**What is needed**
Nothing but the pictures may be left out. Restate the rest of the entries word for word.
★ ★ ★ ★
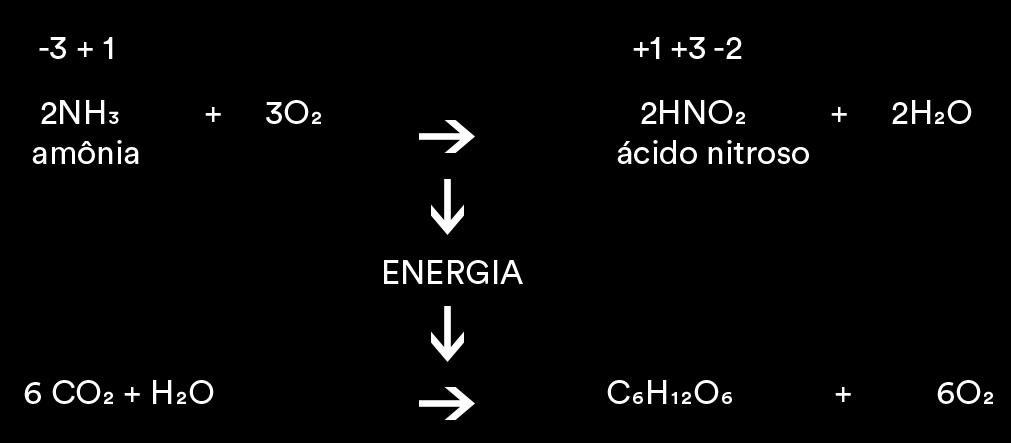 Cientistas americanos descobriram que o molusco conseguiu incorporar um gene das algas e, por isso, desenvolveu a capacidade de fazer fotossíntese.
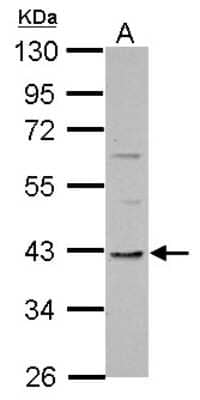 Western Blot: TMEM59L Antibody [NBP2-20664]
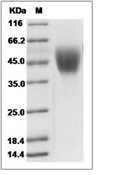 B7-H4 Protein, Human, Recombinant (His)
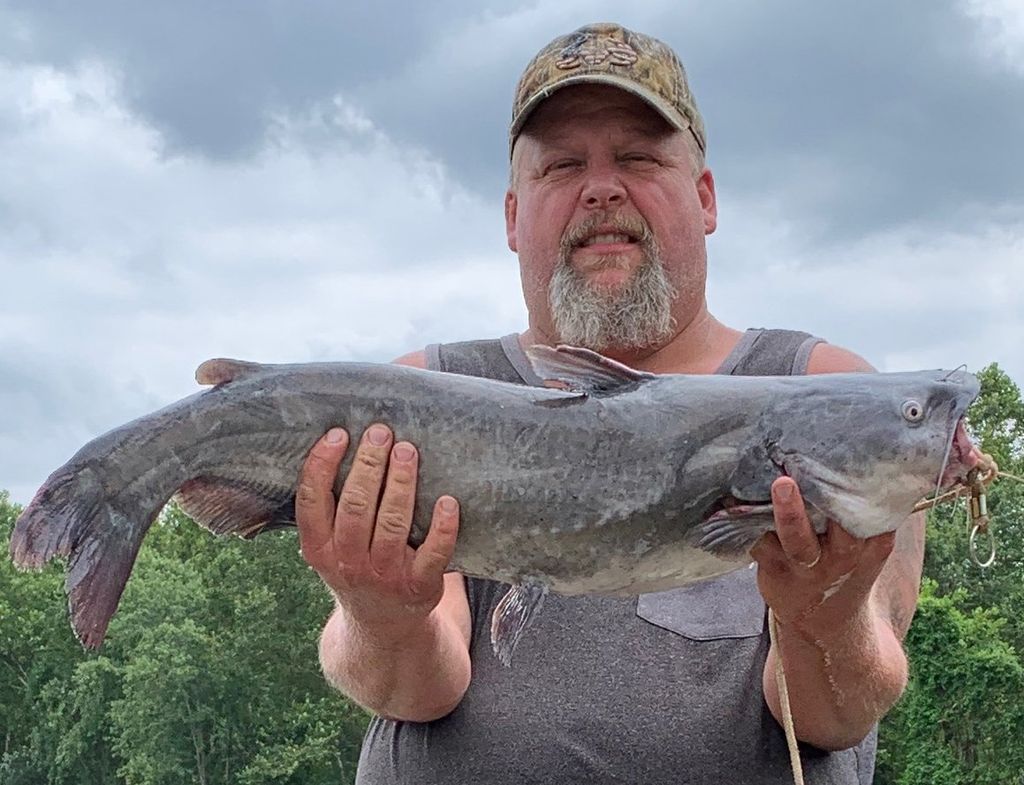 David Gene Banderman Jr. Profile Photo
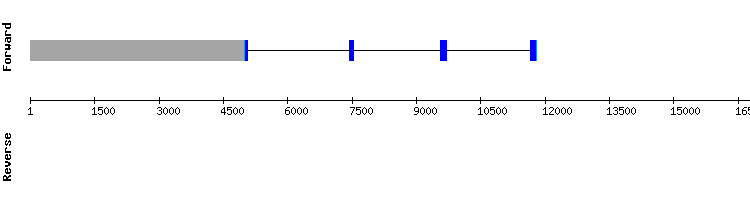 gene structure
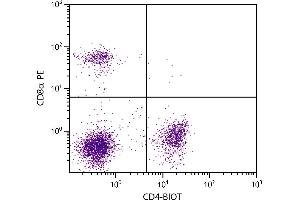 BALB/c mouse splenocytes were stained with Rat Anti-Mouse CD4-BIOT and Rat Anti-Mouse CD8α-PE. (CD4 antibody  (Biotin))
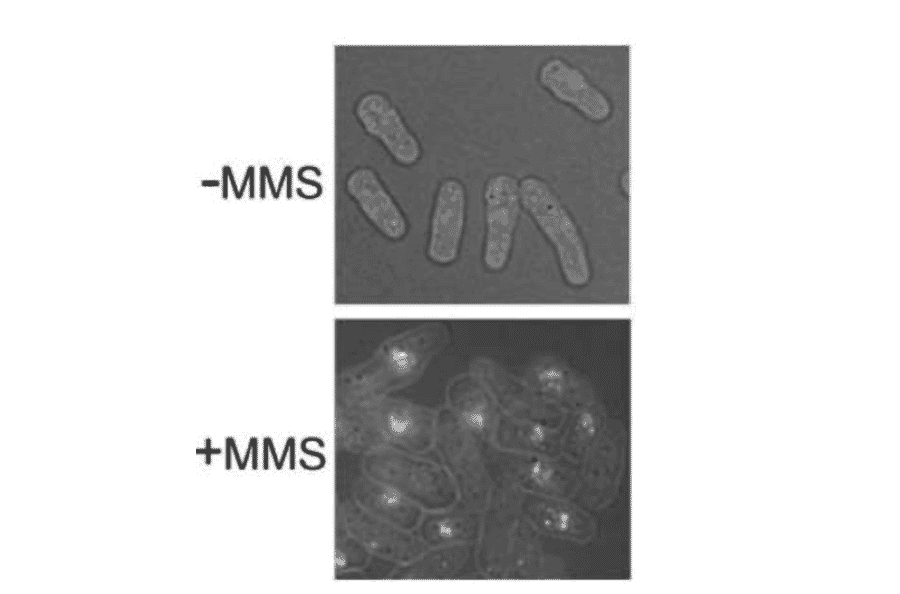 Rhp51 foci formation observed after DNA damage: S. pombe cells without or with MMS (0.025%) treatment for 1 h were processed for indirect immunofluorescence staining with Anti-Rhp51 Antibody (1:500 dilution).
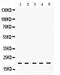 RAP1A, Member Of RAS Oncogene Family antibody, PA5-79914, Invitrogen Antibodies, Western Blot image 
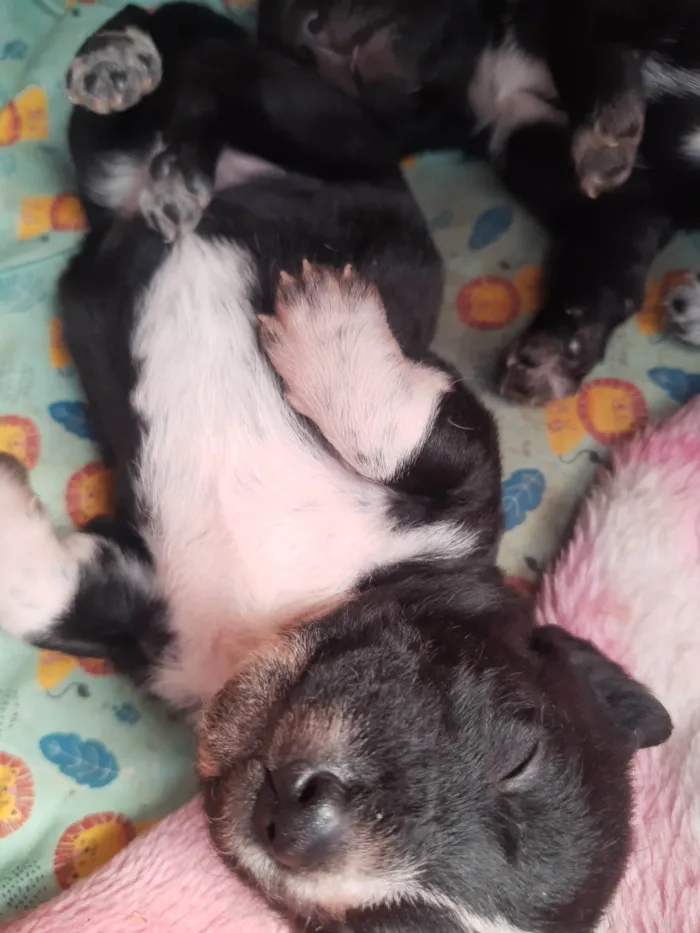 Cachorro ra a SRD-ViraLata idade 2 a 6 meses nome Paçoca 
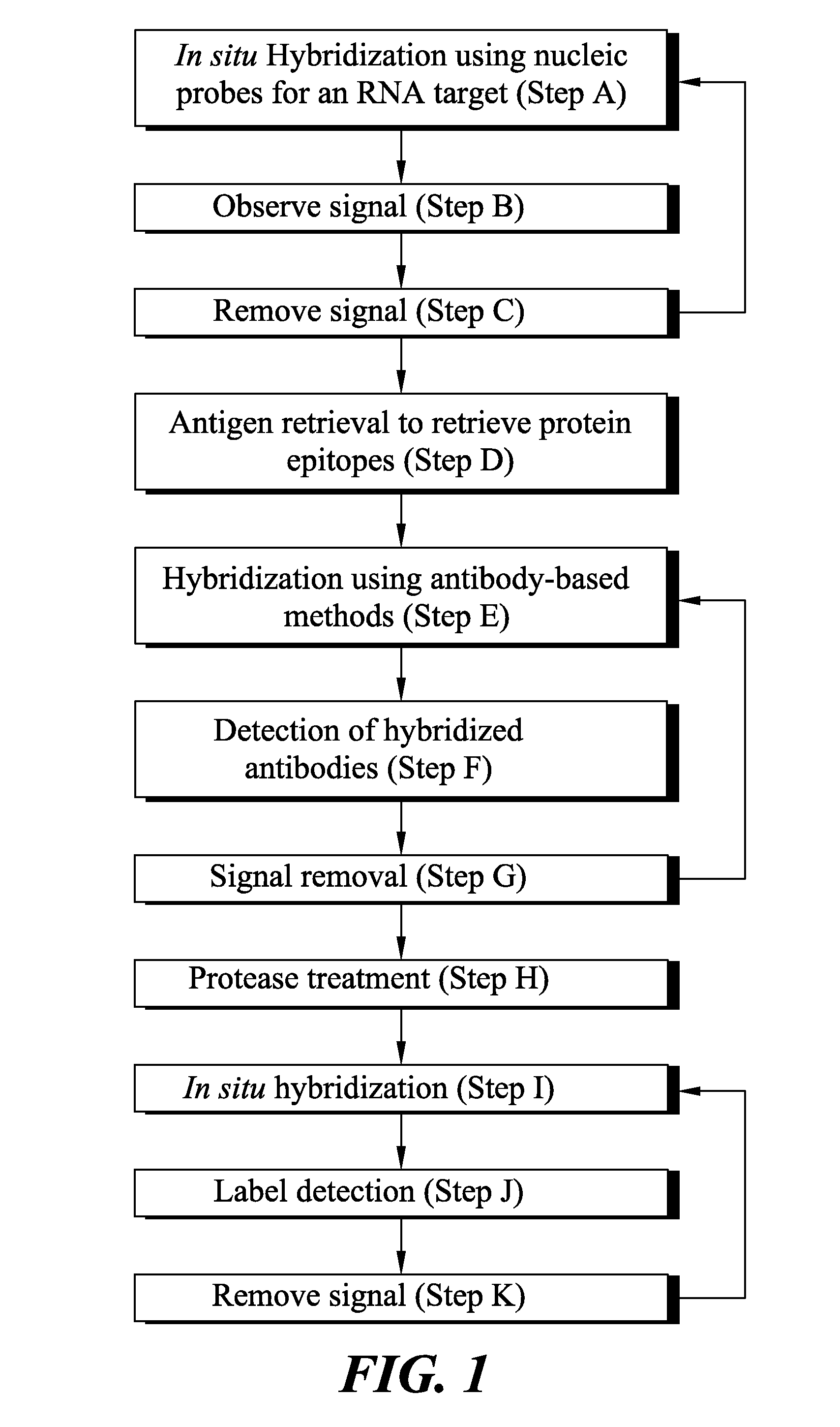 Methods of detecting dna, RNA and protein in biological samples
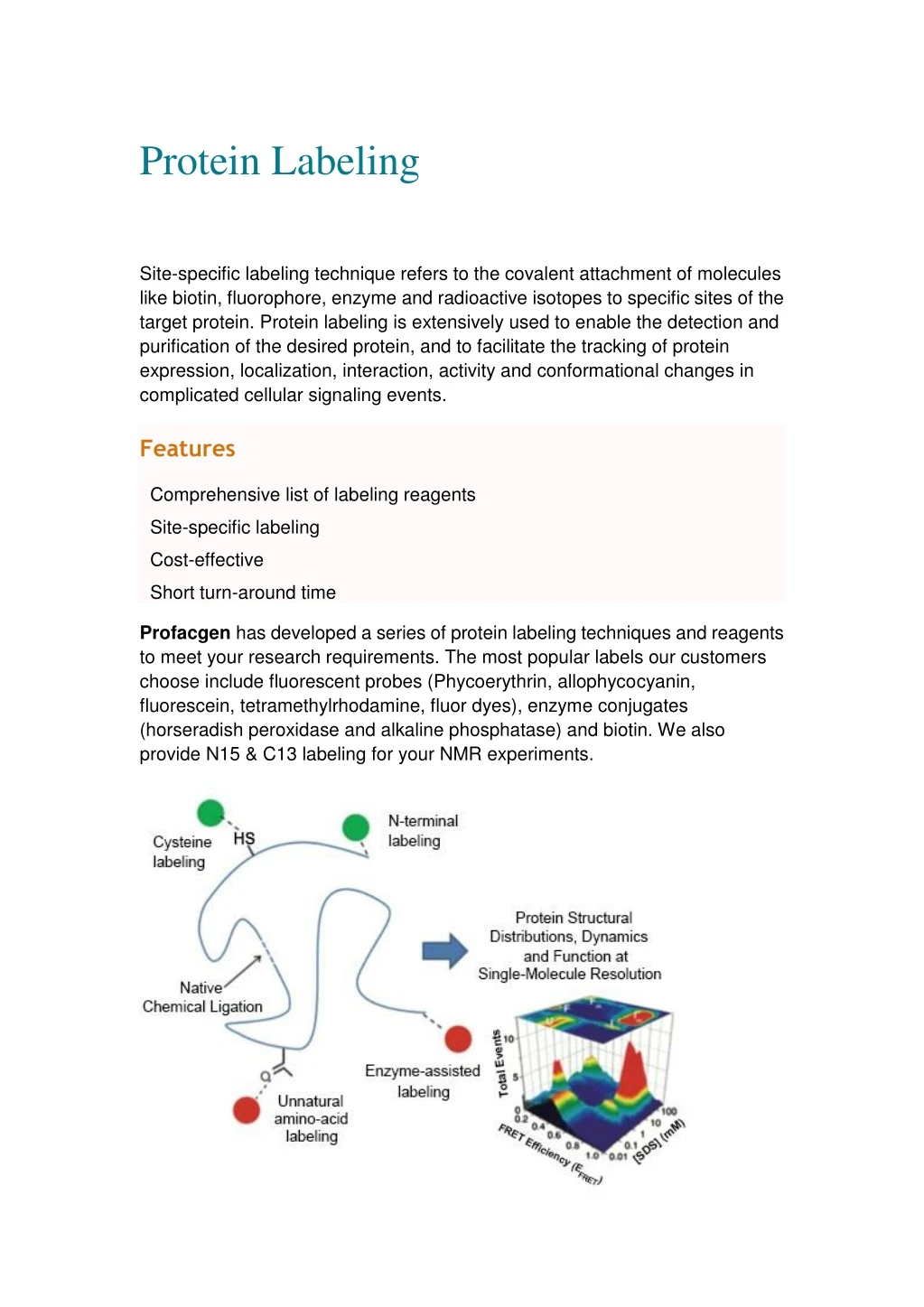 protein labeling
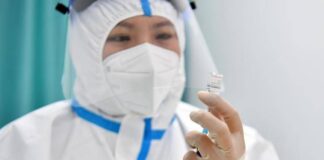 Cina, scoperto nuovo coronavirus: si trasmette dai pipistrelli agli uomini coronavirus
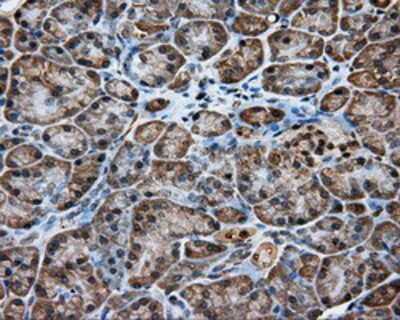 Immunohistochemistry-Paraffin: KCTD5 Antibody (3C8) [NBP2-02414] - Staining of paraffin-embedded pancreas tissue using anti-RC200180 mouse monoclonal antibody.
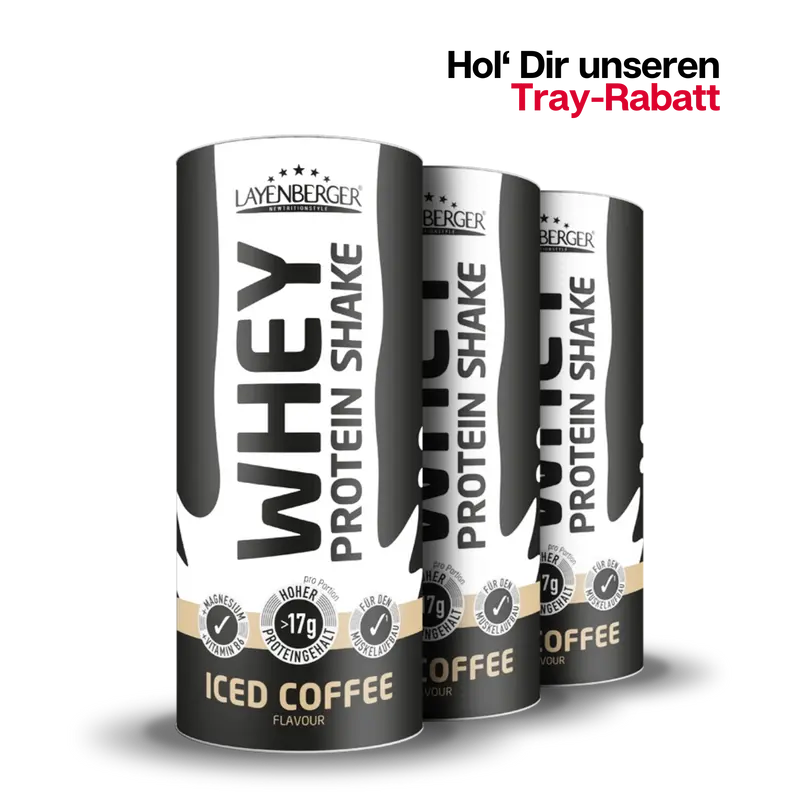 WHEY PROTEIN SHAKE Iced Coffee 3er Karton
★ ★ ★ ★
**Answer to this exercise**
 Cientistas americanos descobriram que o molusco conseguiu incorporar um gene das algas e, por isso, desenvolveu a capacidade de fazer fotossíntese.
 Western Blot: TMEM59L Antibody [NBP2-20664]
 B7-H4 Protein, Human, Recombinant (His)
 David Gene Banderman Jr. Profile Photo
 gene structure
 BALB/c mouse splenocytes were stained with Rat Anti-Mouse CD4-BIOT and Rat Anti-Mouse CD8α-PE. (CD4 antibody  (Biotin))
 Rhp51 foci formation observed after DNA damage: S. pombe cells without or with MMS (0.025%) treatment for 1 h were processed for indirect immunofluorescence staining with Anti-Rhp51 Antibody (1:500 dilution).
 RAP1A, Member Of RAS Oncogene Family antibody, PA5-79914, Invitrogen Antibodies, Western Blot image 
 Cachorro ra a SRD-ViraLata idade 2 a 6 meses nome Paçoca 
 Methods of detecting dna, RNA and protein in biological samples
 protein labeling
 Cina, scoperto nuovo coronavirus: si trasmette dai pipistrelli agli uomini coronavirus
 Immunohistochemistry-Paraffin: KCTD5 Antibody (3C8) [NBP2-02414] - Staining of paraffin-embedded pancreas tissue using anti-RC200180 mouse monoclonal antibody.
 WHEY PROTEIN SHAKE Iced Coffee 3er Karton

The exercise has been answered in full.